> Data for this task
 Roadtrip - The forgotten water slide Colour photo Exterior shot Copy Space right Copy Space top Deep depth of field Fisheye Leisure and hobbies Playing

...

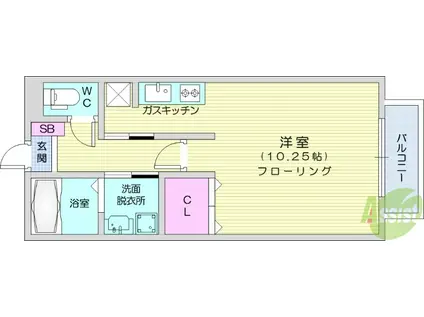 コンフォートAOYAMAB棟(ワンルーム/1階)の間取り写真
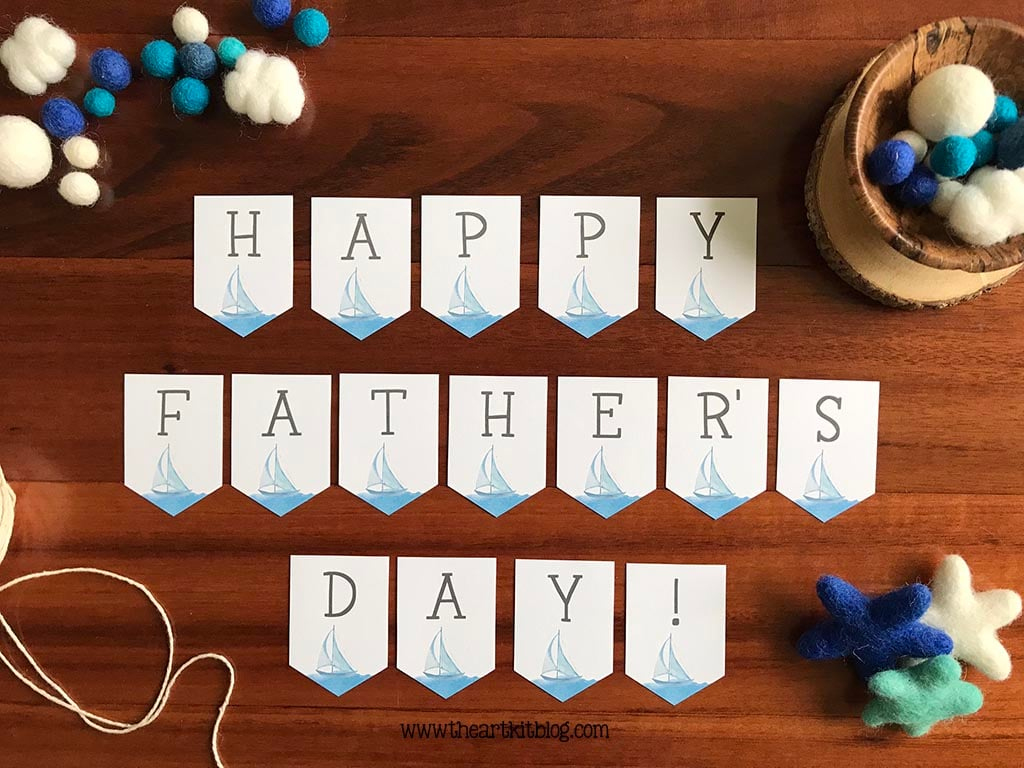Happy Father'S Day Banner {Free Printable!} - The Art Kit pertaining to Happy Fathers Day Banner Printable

* * *

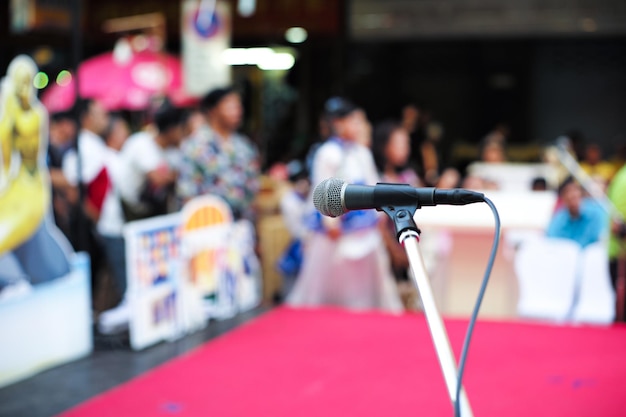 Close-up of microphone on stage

> Required work
With the pictures omitted, copy exactly the lines of the listing above starting at the line containing "コンフォートAOYAMAB棟(ワンルーム/1階)の間取り写真" and ending at the line containing "Happy Father'S Day", both included.

> Response below
 コンフォートAOYAMAB棟(ワンルーム/1階)の間取り写真
Happy Father'S Day Banner {Free Printable!} - The Art Kit pertaining to Happy Fathers Day Banner Printable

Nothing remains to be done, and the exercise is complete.